The level 3 securities are mainly related to unlisted
shares. In circumstances where Metalcorp Group S.A. cannot verify fair value with observable market inputs (Level 3 fair values), it is possible that a different valuation model could produce a materially different estimate of fair value.
The Group has exposure to the following risks arising from financial instruments:
This note presents information about the Group's exposure to each of the above risks, the Group's objectives, policies and processes for measuring and managing risk, and the Group's management of capital.
Credit risk is the risk of financial loss to the Group if a customer or counterparty to a financial instrument fails to meet its contractual obligations, and arises principally from the Group's receivables from customers and loans related to raw materials:
• The financial fixed assets are secured by underlying assets of those companies. Reference is made to note 8.
• The receivables, prepayments and accrued income mainly consists of trade receivables which is secured by adequate credit insurance.
The Group's exposure to credit risk is influenced mainly by the individual characteristics of each customer. However, management also considers the demographics of the Group's customer base, including the default risk of the industry and country in which customers operate, as these factors may have an influence on credit risk. During 2019 and 2018 none of the Group's revenue attributable to sales transactions with a single multinational customer exceeded 10% of the total revenue.
The Group has established a credit policy under which each new customer is analyzed individually for creditworthiness before the Group's payment and delivery terms and conditions are offered. This is done in close cooperation with the Trade Finance banks and Credit insurance companies. Nevertheless, in principle insurance coverage is obtained for all trade receivables.
Furthermore the Group applies a simplified approach to measure the loss allowance for trade receivables using the lifetime expected loss provision (reference is made to note 1.4 regarding the new IFRS 9 and note 10).
Liquidity risk is the risk that the Group will encounter difficulties in meeting the obligations associated with its financial liabilities that are settled by delivering cash or another financial asset. The Group's approach to managing liquidity is to ensure, as far as possible, that it will always have sufficient liquidity to meet its liabilities when due, under both normal and stressed conditions, without incurring unacceptable losses or risking damage to the Group's reputation. With regards to its hedging activities, that primarily take place in the trading activities, the Company implemented a policy that hedging is only allowed under a tri-partite agreement in order to avoid margin calls.

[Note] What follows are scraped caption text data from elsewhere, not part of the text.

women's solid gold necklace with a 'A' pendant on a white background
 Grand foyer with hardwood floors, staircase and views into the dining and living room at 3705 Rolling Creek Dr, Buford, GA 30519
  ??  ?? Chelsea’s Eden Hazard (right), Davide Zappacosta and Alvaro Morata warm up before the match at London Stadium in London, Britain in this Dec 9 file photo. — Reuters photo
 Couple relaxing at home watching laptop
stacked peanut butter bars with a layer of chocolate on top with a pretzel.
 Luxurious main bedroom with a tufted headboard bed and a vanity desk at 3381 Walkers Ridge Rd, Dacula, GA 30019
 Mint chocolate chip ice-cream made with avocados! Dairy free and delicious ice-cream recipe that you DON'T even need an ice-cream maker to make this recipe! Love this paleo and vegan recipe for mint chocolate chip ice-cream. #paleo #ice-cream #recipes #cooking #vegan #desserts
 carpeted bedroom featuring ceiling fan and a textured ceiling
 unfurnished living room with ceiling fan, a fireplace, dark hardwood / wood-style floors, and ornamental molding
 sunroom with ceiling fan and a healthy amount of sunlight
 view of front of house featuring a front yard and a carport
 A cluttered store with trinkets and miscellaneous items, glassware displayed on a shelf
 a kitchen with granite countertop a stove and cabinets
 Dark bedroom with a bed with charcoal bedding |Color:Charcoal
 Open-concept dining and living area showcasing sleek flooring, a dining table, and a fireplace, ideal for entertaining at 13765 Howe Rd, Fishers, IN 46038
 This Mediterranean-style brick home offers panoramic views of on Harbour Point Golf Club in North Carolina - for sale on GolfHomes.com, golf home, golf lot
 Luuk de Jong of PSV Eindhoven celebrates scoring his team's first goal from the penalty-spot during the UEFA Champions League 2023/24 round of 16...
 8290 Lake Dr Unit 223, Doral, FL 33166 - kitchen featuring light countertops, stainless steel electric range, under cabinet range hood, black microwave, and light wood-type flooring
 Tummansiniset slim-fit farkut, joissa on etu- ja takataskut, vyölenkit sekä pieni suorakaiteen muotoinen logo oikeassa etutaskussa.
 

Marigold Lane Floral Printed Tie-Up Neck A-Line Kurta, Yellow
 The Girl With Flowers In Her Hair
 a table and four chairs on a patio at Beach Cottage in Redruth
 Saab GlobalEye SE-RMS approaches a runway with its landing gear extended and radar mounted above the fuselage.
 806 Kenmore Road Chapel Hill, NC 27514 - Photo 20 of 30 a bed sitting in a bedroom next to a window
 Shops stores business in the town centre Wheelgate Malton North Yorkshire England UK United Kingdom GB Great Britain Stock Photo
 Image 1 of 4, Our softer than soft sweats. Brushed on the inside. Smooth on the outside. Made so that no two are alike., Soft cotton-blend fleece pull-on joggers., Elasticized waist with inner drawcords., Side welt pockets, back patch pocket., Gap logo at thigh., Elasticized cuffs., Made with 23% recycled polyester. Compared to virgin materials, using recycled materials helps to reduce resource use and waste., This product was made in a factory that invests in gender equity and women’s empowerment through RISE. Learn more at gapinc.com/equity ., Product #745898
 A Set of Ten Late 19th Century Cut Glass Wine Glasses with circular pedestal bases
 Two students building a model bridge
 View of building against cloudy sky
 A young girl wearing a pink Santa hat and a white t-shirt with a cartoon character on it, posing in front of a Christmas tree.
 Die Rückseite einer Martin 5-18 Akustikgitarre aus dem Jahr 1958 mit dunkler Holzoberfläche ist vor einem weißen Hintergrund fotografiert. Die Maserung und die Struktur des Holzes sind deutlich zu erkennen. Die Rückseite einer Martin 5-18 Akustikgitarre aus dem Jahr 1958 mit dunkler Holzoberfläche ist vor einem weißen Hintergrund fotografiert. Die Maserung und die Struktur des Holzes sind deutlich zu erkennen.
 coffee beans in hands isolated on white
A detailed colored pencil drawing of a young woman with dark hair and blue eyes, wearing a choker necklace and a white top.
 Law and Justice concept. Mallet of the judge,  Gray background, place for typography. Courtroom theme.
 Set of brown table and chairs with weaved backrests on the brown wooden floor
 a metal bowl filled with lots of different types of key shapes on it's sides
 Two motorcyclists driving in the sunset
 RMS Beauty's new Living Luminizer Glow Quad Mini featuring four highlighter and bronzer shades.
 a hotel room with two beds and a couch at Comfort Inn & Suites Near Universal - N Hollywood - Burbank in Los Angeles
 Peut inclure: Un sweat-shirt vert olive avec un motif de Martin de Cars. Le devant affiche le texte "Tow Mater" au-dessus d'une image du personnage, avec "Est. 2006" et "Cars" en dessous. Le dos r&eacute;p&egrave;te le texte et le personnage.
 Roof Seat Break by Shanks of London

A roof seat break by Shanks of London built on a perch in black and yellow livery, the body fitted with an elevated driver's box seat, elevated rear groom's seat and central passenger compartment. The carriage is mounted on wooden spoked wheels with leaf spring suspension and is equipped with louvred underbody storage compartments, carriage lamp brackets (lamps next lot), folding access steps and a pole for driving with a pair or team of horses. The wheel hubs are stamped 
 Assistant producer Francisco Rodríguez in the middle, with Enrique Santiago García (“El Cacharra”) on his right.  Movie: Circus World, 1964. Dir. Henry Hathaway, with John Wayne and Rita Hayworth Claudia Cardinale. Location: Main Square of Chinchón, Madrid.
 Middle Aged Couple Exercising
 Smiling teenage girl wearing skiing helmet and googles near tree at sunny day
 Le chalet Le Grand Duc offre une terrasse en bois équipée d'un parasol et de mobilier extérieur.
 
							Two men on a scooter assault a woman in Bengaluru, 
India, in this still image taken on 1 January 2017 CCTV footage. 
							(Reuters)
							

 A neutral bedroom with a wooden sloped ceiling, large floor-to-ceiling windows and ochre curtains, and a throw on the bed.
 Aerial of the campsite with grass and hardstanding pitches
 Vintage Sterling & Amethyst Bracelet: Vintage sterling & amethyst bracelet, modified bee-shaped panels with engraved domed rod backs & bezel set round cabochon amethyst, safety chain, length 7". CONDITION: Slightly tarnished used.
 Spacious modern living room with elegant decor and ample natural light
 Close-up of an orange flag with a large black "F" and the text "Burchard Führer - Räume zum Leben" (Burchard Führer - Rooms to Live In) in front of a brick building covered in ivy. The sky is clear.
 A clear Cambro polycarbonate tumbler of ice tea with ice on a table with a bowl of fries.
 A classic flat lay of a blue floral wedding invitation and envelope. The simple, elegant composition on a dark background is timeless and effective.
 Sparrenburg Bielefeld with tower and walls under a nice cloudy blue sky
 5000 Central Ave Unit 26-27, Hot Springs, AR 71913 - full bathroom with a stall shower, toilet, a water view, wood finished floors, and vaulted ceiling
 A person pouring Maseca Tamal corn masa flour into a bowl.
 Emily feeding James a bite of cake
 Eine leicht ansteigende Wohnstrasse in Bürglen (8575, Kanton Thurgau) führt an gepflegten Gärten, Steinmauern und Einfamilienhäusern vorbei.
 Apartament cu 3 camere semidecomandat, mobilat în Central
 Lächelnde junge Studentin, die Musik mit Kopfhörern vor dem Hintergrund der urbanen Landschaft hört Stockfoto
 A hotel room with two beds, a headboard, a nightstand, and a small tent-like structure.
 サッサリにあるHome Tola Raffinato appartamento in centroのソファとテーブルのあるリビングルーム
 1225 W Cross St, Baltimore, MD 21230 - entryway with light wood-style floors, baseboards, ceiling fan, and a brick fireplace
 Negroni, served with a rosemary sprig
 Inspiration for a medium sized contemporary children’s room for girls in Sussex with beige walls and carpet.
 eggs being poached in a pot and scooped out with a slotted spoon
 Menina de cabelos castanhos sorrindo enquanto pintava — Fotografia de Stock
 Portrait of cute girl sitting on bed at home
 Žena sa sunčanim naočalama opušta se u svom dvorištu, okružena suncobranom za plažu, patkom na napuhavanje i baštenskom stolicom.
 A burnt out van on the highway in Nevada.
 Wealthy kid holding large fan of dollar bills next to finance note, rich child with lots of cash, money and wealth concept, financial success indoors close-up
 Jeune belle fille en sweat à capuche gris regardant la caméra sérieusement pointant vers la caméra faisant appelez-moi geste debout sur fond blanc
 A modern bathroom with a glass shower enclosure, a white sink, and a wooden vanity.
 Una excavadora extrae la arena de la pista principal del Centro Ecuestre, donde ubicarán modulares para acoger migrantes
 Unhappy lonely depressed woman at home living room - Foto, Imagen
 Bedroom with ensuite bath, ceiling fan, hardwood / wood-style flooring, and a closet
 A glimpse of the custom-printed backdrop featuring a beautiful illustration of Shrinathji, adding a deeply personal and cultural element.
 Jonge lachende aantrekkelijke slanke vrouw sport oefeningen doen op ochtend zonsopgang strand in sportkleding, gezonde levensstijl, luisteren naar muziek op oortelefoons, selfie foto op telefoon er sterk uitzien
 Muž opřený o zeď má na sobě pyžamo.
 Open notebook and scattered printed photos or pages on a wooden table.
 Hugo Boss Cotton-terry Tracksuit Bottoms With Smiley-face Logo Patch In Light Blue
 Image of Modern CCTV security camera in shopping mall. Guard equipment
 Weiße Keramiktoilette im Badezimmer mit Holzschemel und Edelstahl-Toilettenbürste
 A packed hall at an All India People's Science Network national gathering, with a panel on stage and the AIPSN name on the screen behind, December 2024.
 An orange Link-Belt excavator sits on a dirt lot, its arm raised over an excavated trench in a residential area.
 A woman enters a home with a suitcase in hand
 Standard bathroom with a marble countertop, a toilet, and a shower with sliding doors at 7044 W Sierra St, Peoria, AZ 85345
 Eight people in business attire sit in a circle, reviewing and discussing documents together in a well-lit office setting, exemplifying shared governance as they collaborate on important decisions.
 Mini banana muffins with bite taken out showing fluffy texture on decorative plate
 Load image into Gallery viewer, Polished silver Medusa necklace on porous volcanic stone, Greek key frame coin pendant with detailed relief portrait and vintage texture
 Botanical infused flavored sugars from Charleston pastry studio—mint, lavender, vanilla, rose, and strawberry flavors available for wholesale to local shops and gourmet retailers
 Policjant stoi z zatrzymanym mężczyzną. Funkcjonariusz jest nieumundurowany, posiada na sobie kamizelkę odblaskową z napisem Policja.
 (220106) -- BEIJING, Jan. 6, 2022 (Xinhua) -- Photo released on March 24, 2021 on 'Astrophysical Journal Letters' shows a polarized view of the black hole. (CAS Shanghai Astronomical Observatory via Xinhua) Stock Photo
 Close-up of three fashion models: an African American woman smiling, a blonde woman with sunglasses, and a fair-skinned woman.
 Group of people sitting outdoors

Market risk is the risk that results out of changes in market prices, such as foreign exchange rates, interest rates, market prices and equity prices and will affect the Group's income or the value of its holdings of financial instruments. The objective of market risk management is to manage and control market risk exposures within acceptable parameters, while optimizing the return. The Group buys and sells derivatives in order to manage market risks. All such transactions are carried out within the guidelines set by the Group. In principle all derivatives are accounted at FVTPL; if required and appropriate, the Group seeks to apply hedge accounting in order to manage volatility in profit or loss.
The Production facilities mainly enter in to euro agreements and therefore, the currency risk is insignificant.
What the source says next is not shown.